The title of the act is, “An act to regulate the sale, giving away, or otherwise disposing of spirituous, vinous or malt liquors, or intoxicating bitters, or patent medicines having alcohol as a base, in Talladega County.” But one subject is expressed in the title — the regulation of the sale, giving away or otherwise disposing of liquors — and the enquiry is, does the title express the subject contained in the enactment: in other words, are regulation and prohibition the same or distinct subjects ? Regulate and prohibit have different and distinct meanings, whether understood in their ordinary and common signification, or as defined by the courts in construing statutes.
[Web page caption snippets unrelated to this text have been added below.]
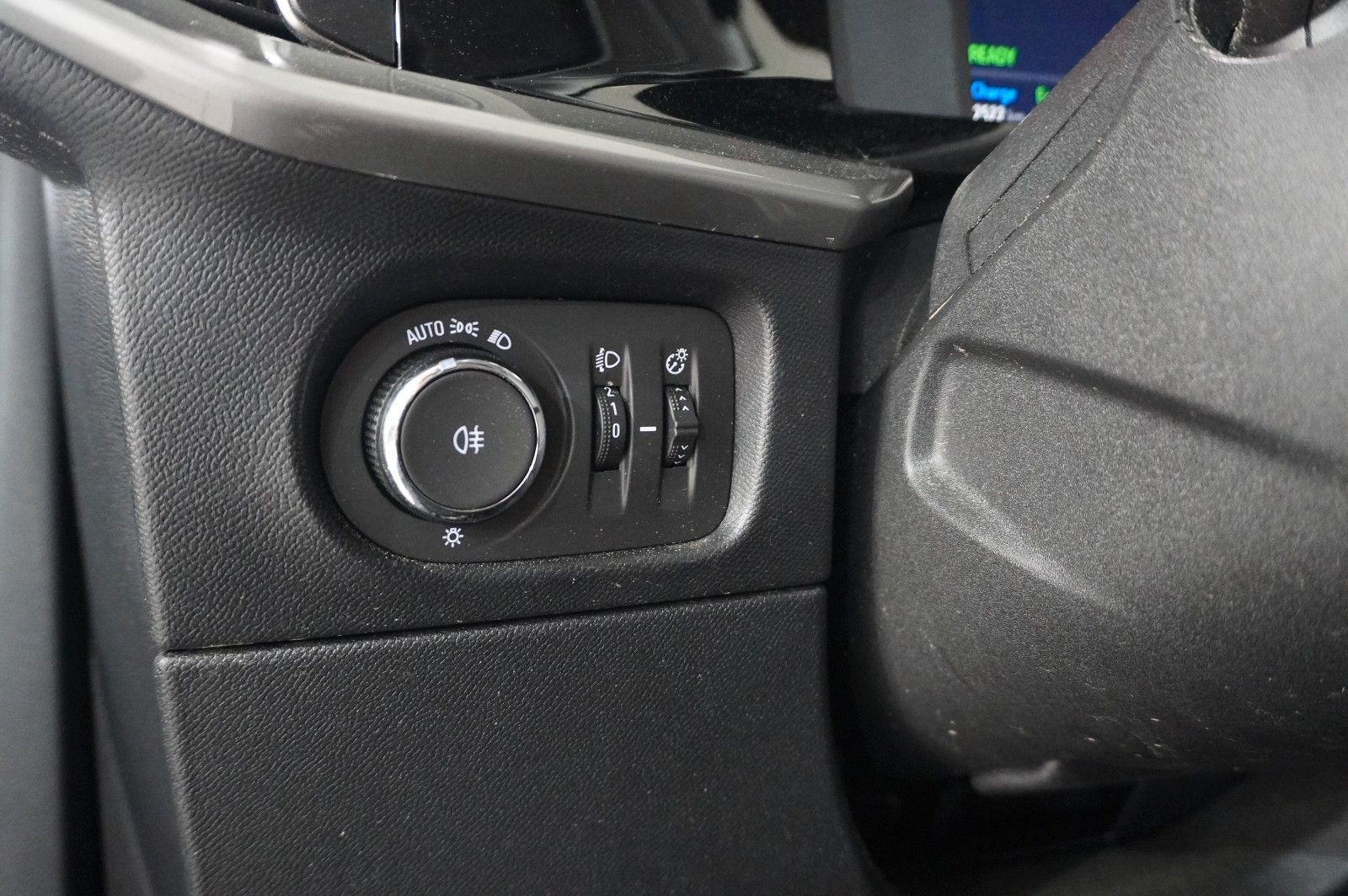 Fahrzeugabbildung Opel Mokka-e EDITION 1-PHASIG LED/SPORT/KAMERA/DAB+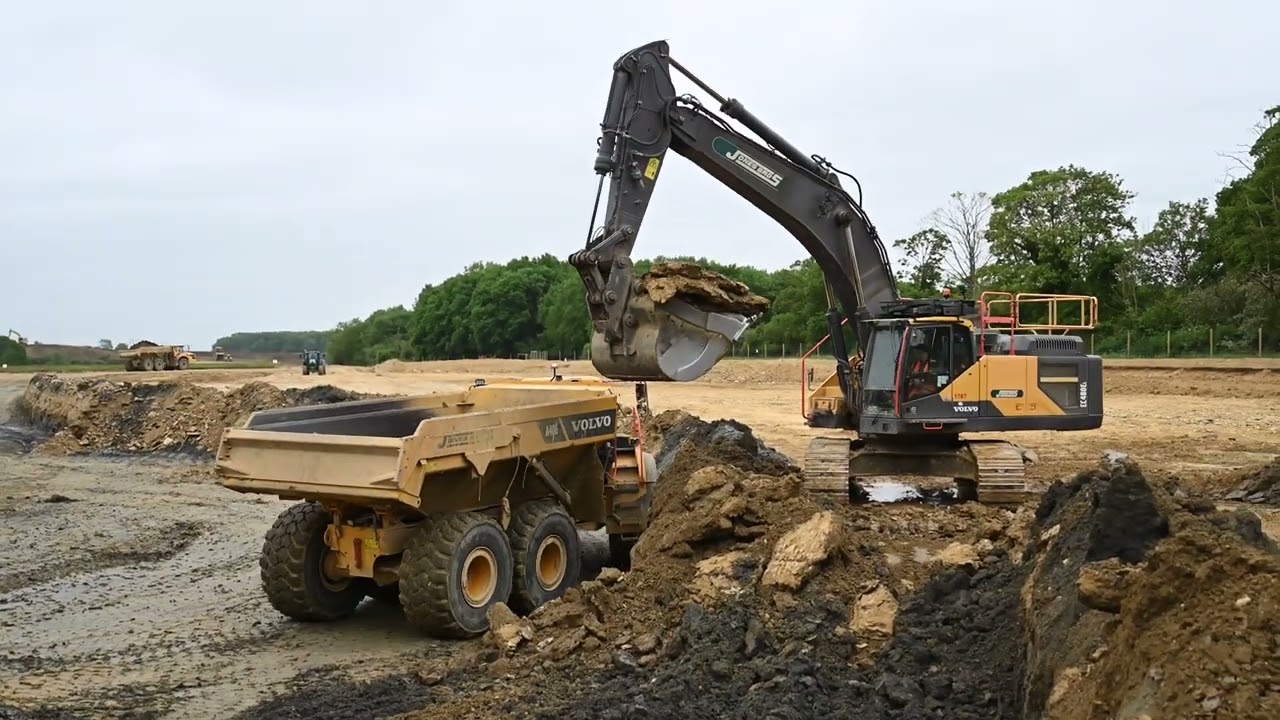 VOLVO EC480E and A40 trucks digging a cell.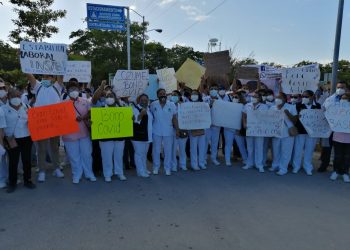 PIDEN TRABAJADORES DE LA SALUD HABLAR CON EL PRESIDENTE OBRADOR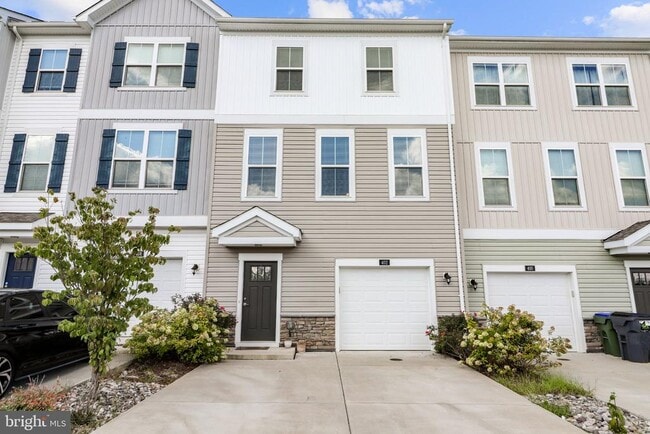 Building Photo - 402 Honeyberry Ln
Power granted to a municipal corporation to grant licenses to retailers of liquors, and to regulate them, does not confer power to prohibit, either directly or by a prohibitory charge for a license. Town of Marion v. Chandler, 6 Ala. 899; Ex parte Burnett, 30 Ala. 461; In Joseph v. Randolph, 71 Ala. 499, it is said : “A constitutional right, though subject to regulation, can not be impaired or destroyed, under the devise or guise of being regulated.” To regulate the sale of liquor implies, ex vi ter mini, that the business may be engaged in or carried on, subject to established rules or methods. Prohibition is to prevent the bnsiness being engaged in or carried on, entirely or partially. The two purposes are incongruous. A title which expresses a purpose to regulate, gives no indication of a purpose to absolutely prohibit. We are constrained to hold the act unconstitutional.
In Miller v. Jones, the judgment of the Circuit Court must be affirmed.
The case of Jones v. Miller, which was submitted at the same time, is on appeal from the judgment of the Probate Conrt denying the motion to vacate the order for an election, and to quash the proceedings. After the appeal was taken, but before the transcript was filed in this court, the certiorari was sued out, and the judgment of the Circuit Court obtained. This was a waiver of the appeal, and it must be dismissed.